On voit bien que le mouvement né en décembre n’est pas sectoriel – des gens qui ne sont pas concernés par la loi esclavagiste manifestent contre celle-ci ; et en ne se limitant pas à cette seule question et en incorporant d’autres revendications, c’est tout le système d’Orban qui est contesté, tout à fait consciemment en ce qui concerne de nombreux participants.
Le mouvement continue, moins fort en janvier qu’en décembre. Le soutien des partis et syndicats est certainement un facteur de défense contre le régime. Mais il faut être conscient que, parmi les partis qui soutiennent le mouvement, ni les sociaux-démocrates ni les libéraux ne contestent le néolibéralisme sur le fond. Pourtant, que le mouvement continue, se ralentit ou reprend son souffle, quelque chose a changé dans la société hongroise. Une démonstration de force a été faite, et la contestation peut aussi se manifester sur d’autres questions. A noter la forte participation d’étudiants, qui ont été très actifs depuis plusieurs années contre la privatisation des universités et pour la gratuité des cours.

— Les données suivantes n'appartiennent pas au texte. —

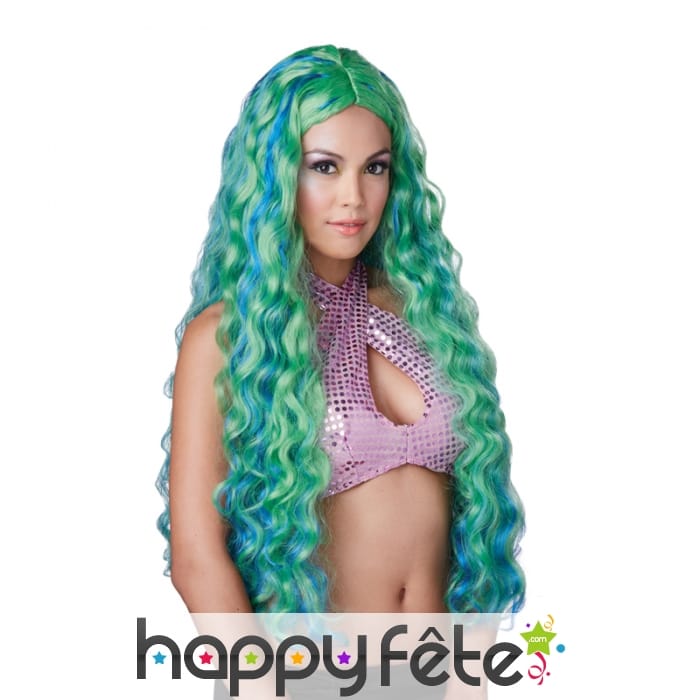 Longue perruque de sirène verte bouclée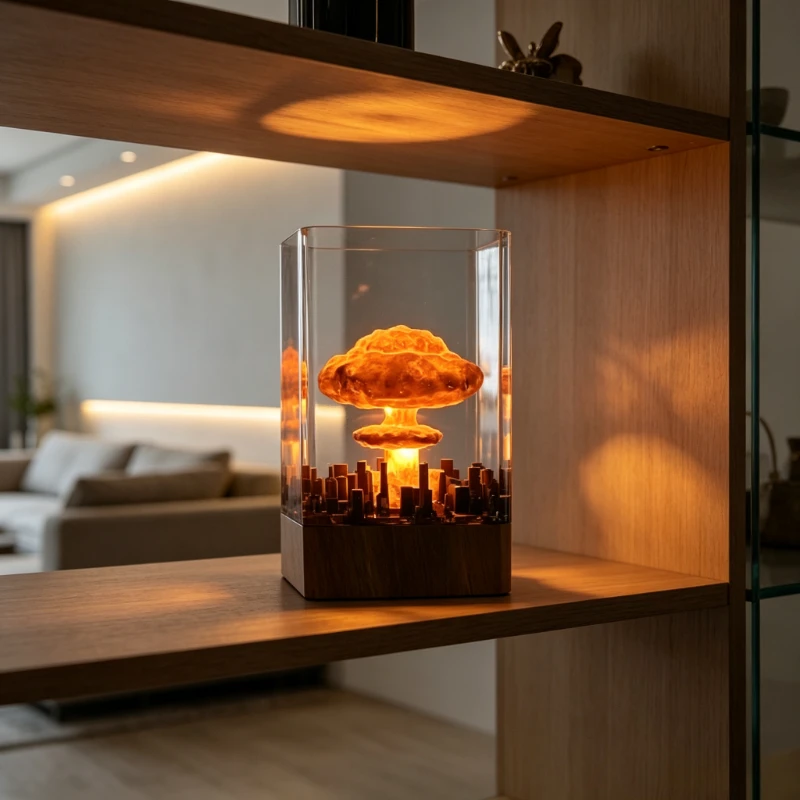 Modern Creative Mushroom Cloud Light Fixture Bedroom Beside Lamps Living Room Decoration Epoxy Resin Handicraft Led Lighting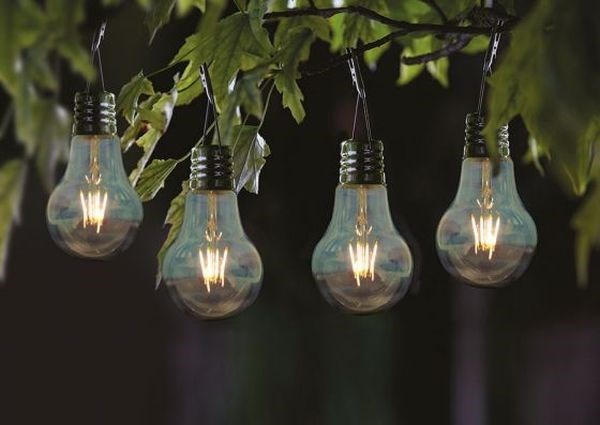 Pack of 4 Eureka! Solar Powered Retro Light Bulbs by Smart Garden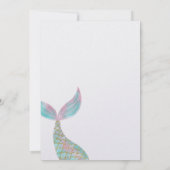 Simple Iridescent Mermaid Birthday Party Einladung (Rückseite)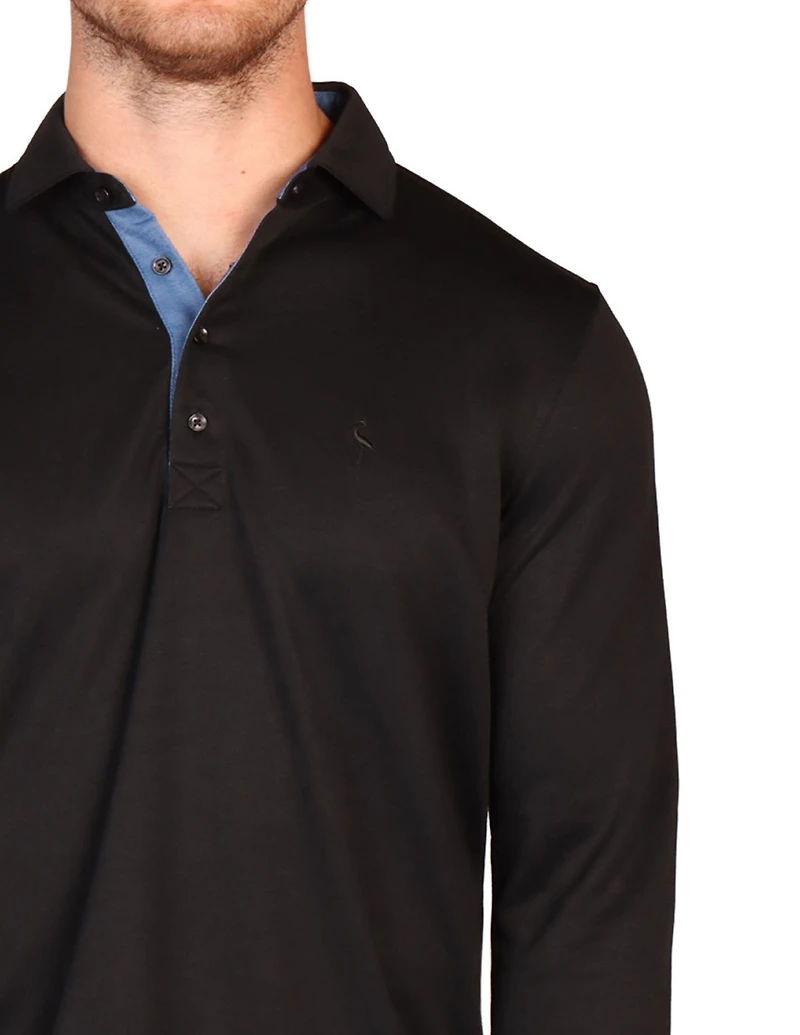 Tailorbyrd Men's Solid Modal Long Sleeve Polo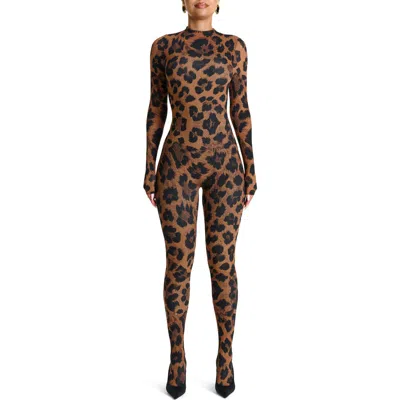 Naked Wardrobe Animal Print Closed Toe Jumpsuit In Brown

Un élément nouveau et prometteur est l’entrée en jeu de la classe ouvrière en tant que telle. Le 21 décembre, 4.000 ouvriers (sur13.000) de l’usine Audi à Györ ont débrayé contre la loi esclavagiste. En janvier, l’usine a fait grève sur des revendications salariales. Celles-ci partaient du fait que l’usine de Györ était le parent pauvre du groupe Volkswagen dans la région, où les ouvriers en Pologne, République tchèque et Slovaquie gagnent respectivement 39, 25 et 28 pour cent de plus.

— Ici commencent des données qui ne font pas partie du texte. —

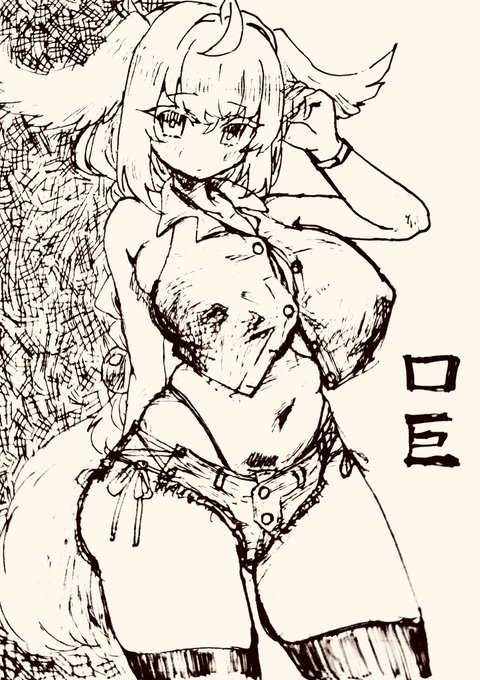 うちの子。ペンで陰影とか表現する練習。 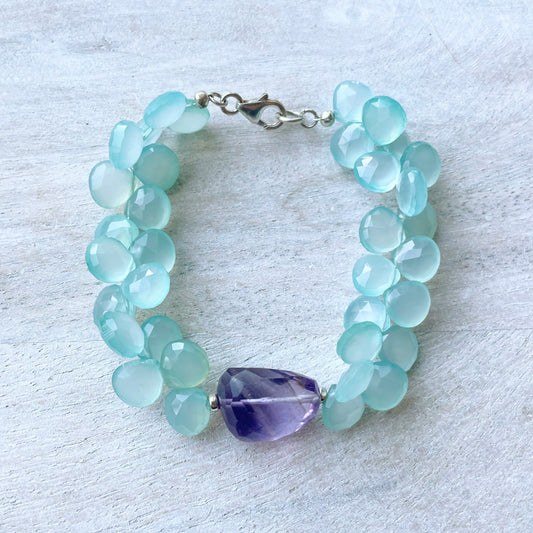 Chalcedony and Amethyst Nugget Bracelet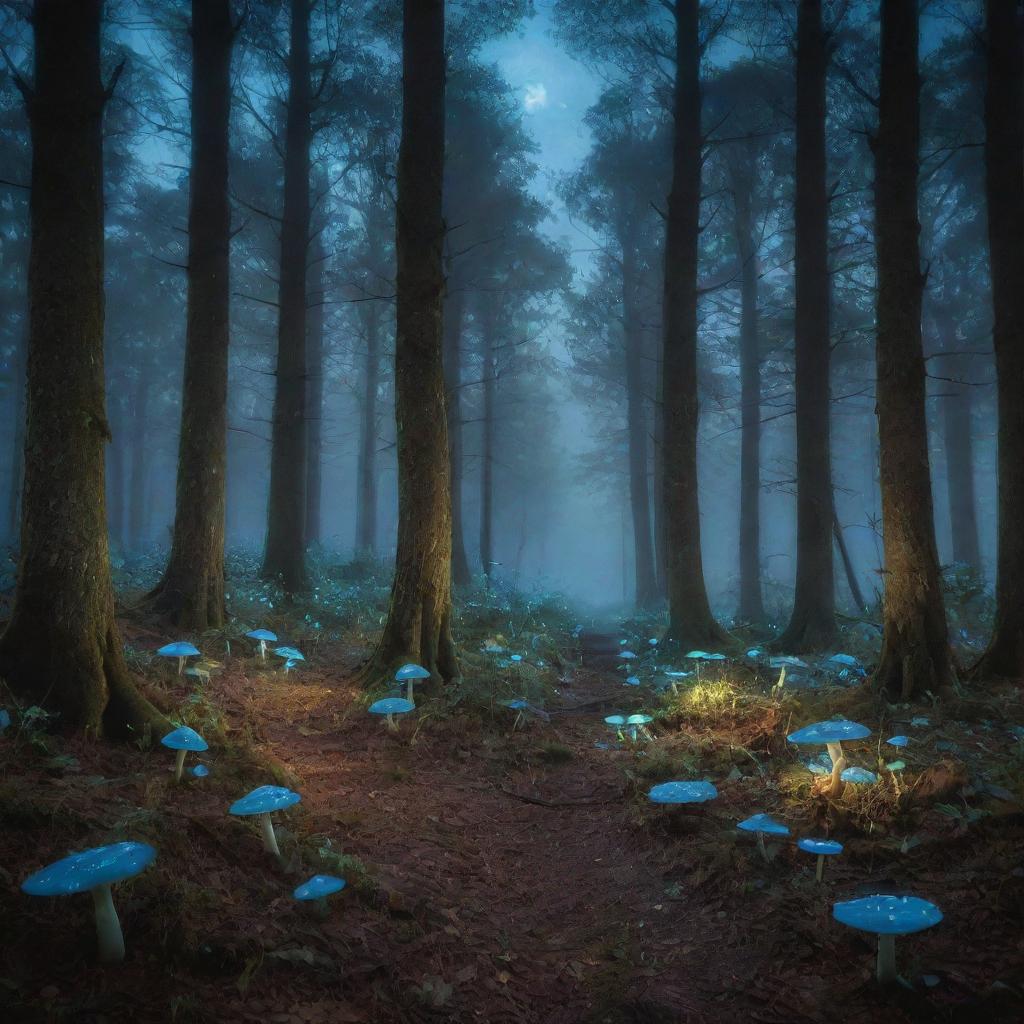 A mystical forest under a glowing moon with bioluminescent fungi illuminating the trail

La grève, qui a reçu une solidarité importante dans d’autres secteurs, s’est soldée par une victoire nette – 18% d’augmentation. Cela rappelle la grande grève de juin 2017 des ouvriers de Volkswagen en Slovaquie, qui a obtenu 14% d’augmentation. La victoire des ouvriers d’Audi peut encourager d’autres secteurs de faire grève. D’autant plus que ce n’est pas un cas isolé. A l’usine Mercedes on a obtenu une augmentation de 35%.

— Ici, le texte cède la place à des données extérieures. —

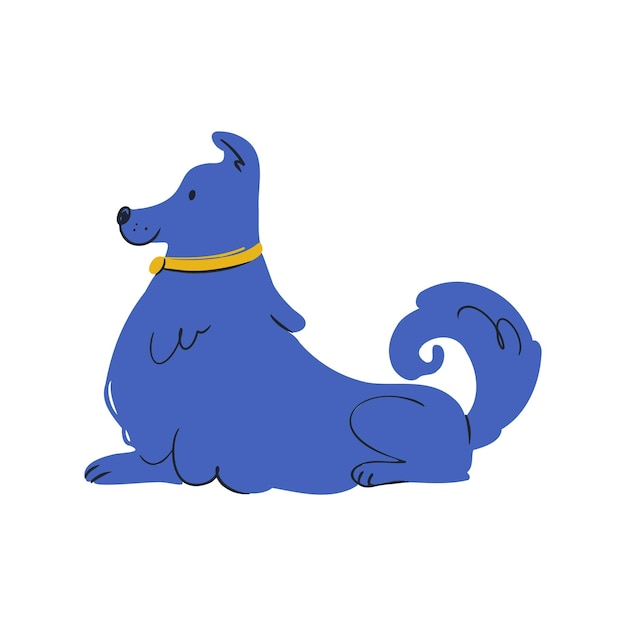 Vector cartoon vector blue dog collie with yellow collor isolated on white background clipart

La victoire ne s’explique pas seulement par la combativité des ouvriers. Elle a démontré le point faible des chaînes de production des multinationales de l’automobile. Pendant 20 ans elles ont profité de l’accès à une force de travail bien formée et bon marché pour construire un réseau d’usines. Mais la force des firmes automobiles se révèle être aussi leur faiblesse. Il suffit que la machine se grippe à un endroit pour avoir des effets en série. Sans les moteurs qui sont fabriquées à Györ, la maison mère à Ingolstadt en Bavière a dû arrêter la production pendant deux jours, l’activité s’est ralentie à Bratislava et deux équipementiers partenaires en Hongrie étaient paralysés.
Quelles que soient les perspectives immédiates, ce qui se passe depuis décembre est très important pour la Hongrie. Mais ce n’est pas un cas isolé. A bien regarder, dans une région qui a dû encaisser le choc de l’imposition d’un capitalisme sauvage depuis 30 ans, cela bouge un peu partout. Il y a beaucoup de raisons pour penser que cela va continuer.